The business logic behind orbital data centres rests on three claims: that space offers near-unlimited solar power at no fuel cost, that the vacuum of space provides natural cooling without water consumption, and that falling launch costs from Starship will soon make orbit cheaper than land for compute-intensive AI workloads. Musk is not alone in making this bet — Google is testing orbital AI data centres with two prototype satellites planned for early 2027, Jeff Bezos has predicted "giant gigawatt data centres in space within 20 years," and OpenAI's Sam Altman explored buying a rocket company to pursue the same idea.
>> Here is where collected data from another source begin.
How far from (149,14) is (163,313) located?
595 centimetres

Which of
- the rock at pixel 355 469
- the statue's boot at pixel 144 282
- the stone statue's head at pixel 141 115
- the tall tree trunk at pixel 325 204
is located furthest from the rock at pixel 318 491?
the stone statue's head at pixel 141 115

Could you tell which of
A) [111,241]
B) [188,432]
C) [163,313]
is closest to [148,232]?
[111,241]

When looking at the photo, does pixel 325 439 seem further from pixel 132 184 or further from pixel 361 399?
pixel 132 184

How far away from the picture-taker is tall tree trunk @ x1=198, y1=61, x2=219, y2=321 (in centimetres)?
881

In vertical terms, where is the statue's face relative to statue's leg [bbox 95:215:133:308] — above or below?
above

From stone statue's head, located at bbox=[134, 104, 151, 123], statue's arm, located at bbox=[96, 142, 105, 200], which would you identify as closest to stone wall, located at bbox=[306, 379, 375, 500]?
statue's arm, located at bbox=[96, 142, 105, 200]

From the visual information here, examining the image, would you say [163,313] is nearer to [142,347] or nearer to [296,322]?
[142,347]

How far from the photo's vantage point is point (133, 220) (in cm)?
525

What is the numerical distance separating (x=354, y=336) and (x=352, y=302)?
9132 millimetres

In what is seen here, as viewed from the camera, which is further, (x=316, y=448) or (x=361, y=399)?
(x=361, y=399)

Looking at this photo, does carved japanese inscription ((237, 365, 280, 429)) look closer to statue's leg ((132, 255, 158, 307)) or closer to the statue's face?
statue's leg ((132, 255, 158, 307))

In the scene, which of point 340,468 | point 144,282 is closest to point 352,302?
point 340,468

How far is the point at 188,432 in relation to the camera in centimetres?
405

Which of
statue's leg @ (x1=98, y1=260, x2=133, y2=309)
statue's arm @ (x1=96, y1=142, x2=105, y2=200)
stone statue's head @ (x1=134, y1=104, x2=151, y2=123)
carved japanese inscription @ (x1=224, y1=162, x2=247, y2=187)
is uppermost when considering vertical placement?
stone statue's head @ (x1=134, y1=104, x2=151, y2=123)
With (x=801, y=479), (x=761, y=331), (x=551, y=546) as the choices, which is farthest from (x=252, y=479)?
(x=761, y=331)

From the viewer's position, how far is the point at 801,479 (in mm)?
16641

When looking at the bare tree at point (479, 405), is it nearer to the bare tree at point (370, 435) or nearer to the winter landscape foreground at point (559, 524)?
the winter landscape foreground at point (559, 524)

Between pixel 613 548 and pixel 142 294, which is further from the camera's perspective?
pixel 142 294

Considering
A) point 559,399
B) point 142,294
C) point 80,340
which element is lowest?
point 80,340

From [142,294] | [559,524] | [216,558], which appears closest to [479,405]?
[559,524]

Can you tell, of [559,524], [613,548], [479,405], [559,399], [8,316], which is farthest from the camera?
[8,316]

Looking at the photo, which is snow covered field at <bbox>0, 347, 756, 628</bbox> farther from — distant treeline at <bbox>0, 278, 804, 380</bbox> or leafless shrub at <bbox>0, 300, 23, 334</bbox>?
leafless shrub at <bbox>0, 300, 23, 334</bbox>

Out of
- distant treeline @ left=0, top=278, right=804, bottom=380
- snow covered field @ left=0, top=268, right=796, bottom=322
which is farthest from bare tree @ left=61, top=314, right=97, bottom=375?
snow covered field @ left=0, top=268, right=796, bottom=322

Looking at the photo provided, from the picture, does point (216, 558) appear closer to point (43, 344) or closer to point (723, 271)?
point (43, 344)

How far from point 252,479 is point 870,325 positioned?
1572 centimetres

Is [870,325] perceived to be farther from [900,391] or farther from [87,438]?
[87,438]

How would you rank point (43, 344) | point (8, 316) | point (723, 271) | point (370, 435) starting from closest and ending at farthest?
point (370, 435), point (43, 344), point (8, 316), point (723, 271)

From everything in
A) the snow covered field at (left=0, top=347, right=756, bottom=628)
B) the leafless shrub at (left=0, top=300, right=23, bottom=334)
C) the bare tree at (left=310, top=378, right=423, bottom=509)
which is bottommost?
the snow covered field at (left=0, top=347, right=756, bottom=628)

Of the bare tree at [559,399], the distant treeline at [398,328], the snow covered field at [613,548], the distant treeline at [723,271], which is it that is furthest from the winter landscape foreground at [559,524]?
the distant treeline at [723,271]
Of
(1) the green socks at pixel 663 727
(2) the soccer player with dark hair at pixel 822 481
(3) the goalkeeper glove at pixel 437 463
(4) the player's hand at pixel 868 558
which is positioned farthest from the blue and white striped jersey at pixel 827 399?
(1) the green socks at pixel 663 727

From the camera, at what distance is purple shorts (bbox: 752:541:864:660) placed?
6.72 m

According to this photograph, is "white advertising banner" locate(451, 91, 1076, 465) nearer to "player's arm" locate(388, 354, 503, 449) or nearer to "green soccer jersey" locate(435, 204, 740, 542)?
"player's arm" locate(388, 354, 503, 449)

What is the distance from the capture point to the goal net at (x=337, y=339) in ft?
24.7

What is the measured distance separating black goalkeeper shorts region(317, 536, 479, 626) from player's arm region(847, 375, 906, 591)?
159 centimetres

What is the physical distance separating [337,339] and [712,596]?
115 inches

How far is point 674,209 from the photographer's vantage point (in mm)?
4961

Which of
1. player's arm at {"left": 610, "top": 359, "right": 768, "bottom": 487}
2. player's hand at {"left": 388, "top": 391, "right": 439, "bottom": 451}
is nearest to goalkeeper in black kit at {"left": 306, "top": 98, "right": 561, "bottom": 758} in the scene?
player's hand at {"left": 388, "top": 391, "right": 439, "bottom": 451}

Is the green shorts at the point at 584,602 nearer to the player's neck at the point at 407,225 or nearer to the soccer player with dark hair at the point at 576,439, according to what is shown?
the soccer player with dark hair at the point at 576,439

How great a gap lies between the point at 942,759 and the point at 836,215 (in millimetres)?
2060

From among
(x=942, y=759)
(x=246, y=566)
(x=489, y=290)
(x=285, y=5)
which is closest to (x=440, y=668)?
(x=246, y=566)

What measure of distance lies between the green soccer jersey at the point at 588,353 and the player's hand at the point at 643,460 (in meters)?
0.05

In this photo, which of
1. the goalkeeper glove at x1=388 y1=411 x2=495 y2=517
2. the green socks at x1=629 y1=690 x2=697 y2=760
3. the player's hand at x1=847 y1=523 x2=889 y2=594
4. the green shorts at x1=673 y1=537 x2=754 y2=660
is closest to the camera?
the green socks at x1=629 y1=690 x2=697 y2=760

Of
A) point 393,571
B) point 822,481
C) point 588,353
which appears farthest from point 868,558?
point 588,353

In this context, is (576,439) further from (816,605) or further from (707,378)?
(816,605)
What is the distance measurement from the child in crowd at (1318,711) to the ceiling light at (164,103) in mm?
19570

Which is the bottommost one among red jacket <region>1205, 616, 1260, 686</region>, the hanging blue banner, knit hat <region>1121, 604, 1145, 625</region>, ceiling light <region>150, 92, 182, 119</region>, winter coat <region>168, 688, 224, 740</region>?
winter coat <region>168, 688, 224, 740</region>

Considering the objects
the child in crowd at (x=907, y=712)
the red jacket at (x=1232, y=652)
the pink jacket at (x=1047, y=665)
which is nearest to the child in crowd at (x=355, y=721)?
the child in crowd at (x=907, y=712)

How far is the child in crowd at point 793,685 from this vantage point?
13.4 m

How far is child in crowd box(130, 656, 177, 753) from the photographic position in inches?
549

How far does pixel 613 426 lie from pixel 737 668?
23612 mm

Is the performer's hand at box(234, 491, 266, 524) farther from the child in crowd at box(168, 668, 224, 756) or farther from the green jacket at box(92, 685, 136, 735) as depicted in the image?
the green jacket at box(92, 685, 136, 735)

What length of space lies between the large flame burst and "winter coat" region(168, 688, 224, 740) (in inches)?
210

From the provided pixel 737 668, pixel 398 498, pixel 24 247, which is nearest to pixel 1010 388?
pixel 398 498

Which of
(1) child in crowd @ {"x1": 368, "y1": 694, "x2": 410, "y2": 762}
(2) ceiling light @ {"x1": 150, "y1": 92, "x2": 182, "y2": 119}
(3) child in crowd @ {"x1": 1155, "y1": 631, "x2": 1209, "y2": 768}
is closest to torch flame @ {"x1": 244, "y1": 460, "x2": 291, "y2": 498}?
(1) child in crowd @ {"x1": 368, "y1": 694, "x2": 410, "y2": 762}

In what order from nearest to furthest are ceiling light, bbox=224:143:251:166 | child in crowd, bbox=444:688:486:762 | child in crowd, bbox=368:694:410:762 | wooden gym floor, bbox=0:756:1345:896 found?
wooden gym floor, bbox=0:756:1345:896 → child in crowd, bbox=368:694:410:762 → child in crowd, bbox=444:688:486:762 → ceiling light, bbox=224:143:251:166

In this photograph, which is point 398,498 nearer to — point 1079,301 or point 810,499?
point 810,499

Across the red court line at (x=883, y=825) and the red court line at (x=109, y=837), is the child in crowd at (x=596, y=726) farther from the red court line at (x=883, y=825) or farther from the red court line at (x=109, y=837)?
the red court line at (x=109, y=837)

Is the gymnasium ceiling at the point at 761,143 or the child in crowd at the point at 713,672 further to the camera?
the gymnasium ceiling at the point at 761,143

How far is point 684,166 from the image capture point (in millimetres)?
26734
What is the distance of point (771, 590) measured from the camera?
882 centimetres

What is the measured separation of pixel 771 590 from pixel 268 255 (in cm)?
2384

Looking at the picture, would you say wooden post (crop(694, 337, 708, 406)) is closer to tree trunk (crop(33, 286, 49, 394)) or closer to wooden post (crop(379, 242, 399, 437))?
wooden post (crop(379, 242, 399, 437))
Sceptics dispute each leg of the argument. Cooling in space requires radiation rather than convection — meaning enormous radiator panels, not passive cold. The ISS's solar panels cover half a football field and produce just 100 kilowatts. Replicating a standard 100-megawatt terrestrial data centre in space would require panels 500 to 1,000 times that size. Deutsche Bank estimates cost parity with terrestrial data centres won't arrive until well into the 2030s — years beyond Musk's "30 months" claim. MIT professor Olivier de Weck put it plainly: "Is that feasible? Yeah, I think it's feasible, but not next year and certainly not in three years."

The manufacturing scale required is equally staggering. To supply the AI chips for the constellation, Musk announced "Terafab" — a $20 billion chip fabrication facility in Austin aimed at producing 200 billion chips per year, 50 times the combined current production of all advanced chip manufacturers. Ars Technica estimated the bare-bones launch cost alone for one million satellites would exceed one trillion dollars — roughly SpaceX's entire estimated IPO valuation.